Task prompt: Would you please copy the part of the material below that opens with the line containing "Máquina de corte a Laser" and closes with the line containing "Kastamonu&rsquo;da 10 litre"? Copy it exactly, and only it.

Provided records:
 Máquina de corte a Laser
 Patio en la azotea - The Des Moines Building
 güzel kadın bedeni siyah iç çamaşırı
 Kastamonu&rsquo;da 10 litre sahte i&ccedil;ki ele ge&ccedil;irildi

---

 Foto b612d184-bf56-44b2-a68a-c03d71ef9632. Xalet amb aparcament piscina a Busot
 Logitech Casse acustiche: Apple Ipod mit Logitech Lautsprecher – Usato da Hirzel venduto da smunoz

Solved exercise:
 Máquina de corte a Laser
 Patio en la azotea - The Des Moines Building
 güzel kadın bedeni siyah iç çamaşırı
 Kastamonu&rsquo;da 10 litre sahte i&ccedil;ki ele ge&ccedil;irildi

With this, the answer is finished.